[DATA EXCERPTS — start]

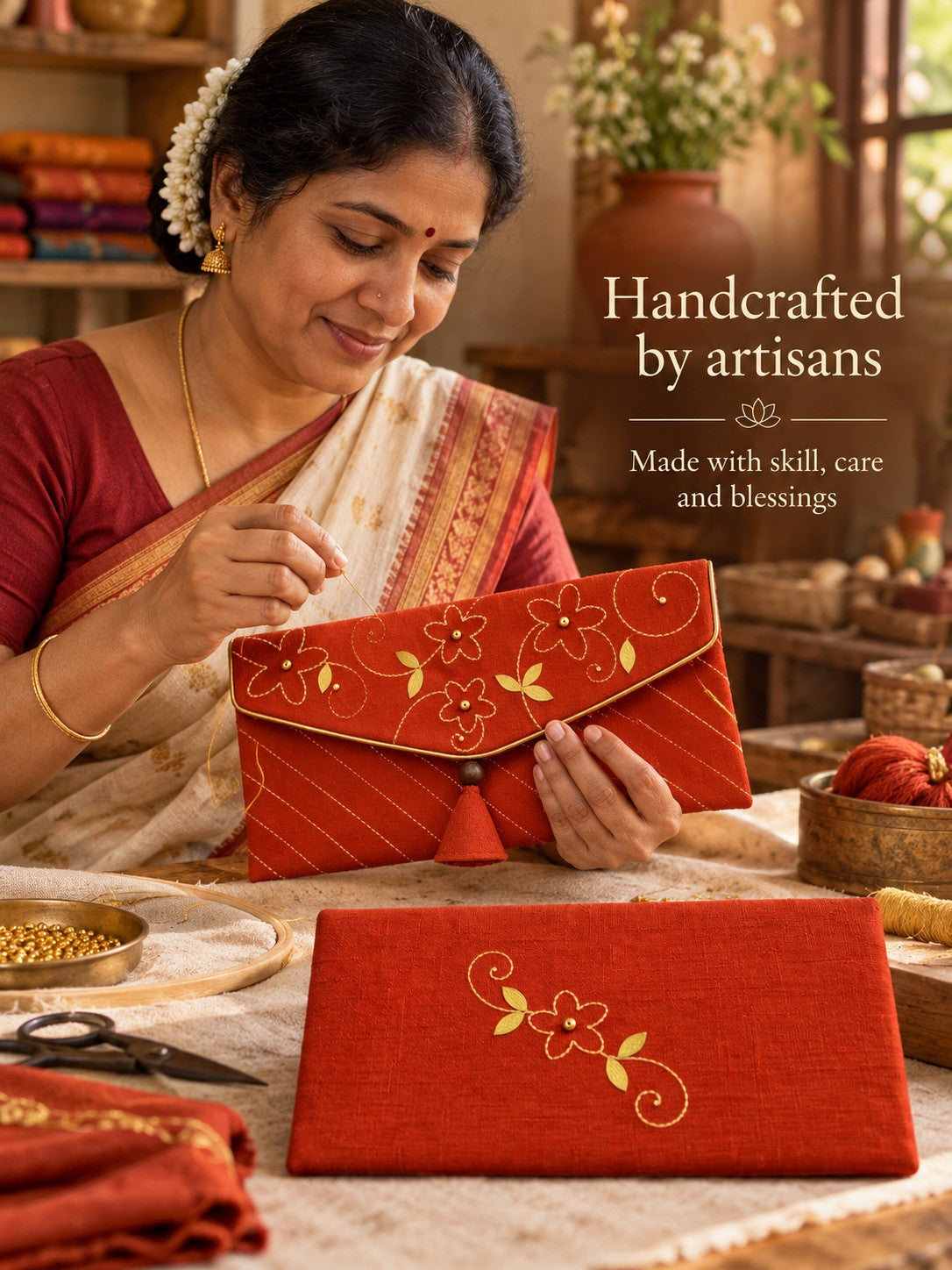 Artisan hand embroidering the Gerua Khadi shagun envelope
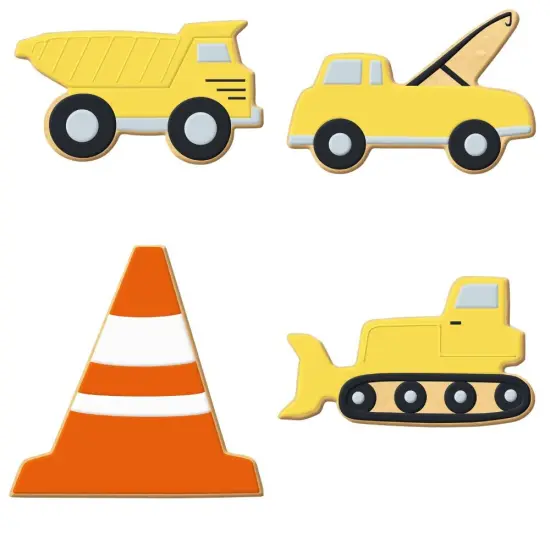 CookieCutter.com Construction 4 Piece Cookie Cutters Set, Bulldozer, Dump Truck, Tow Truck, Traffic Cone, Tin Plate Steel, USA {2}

[DATA EXCERPTS — finish]
[DATA EXCERPTS — start]

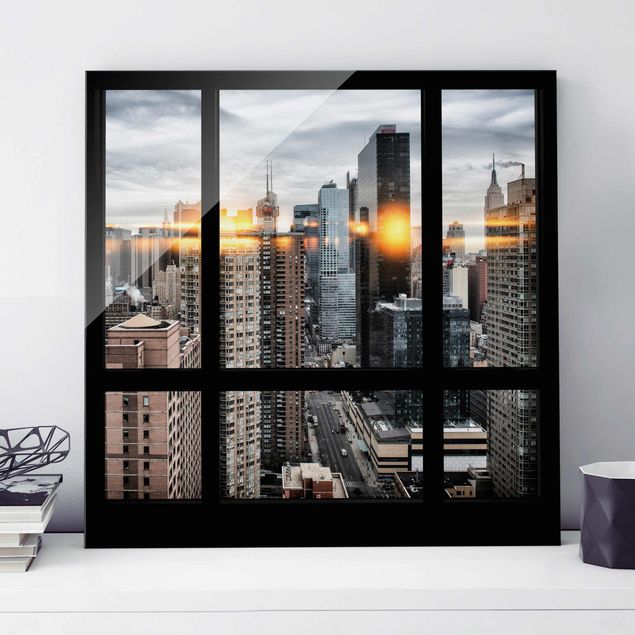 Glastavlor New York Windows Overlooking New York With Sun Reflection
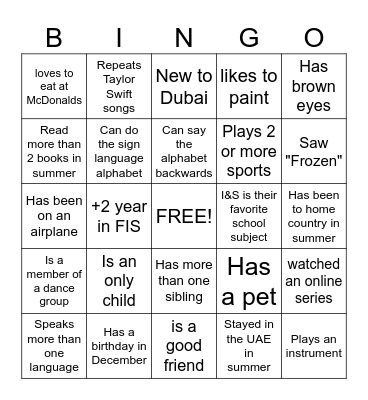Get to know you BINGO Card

[DATA EXCERPTS — finish]
[DATA EXCERPTS — start]

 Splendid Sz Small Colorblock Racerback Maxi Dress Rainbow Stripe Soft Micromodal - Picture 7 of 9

[DATA EXCERPTS — finish]

After locating "Artisan hand embroidering" and "CookieCutter.com Construction 4" in the records above, return exactly the line holding each one and every line between them; leave out the pictures.

 Artisan hand embroidering the Gerua Khadi shagun envelope
 CookieCutter.com Construction 4 Piece Cookie Cutters Set, Bulldozer, Dump Truck, Tow Truck, Traffic Cone, Tin Plate Steel, USA {2}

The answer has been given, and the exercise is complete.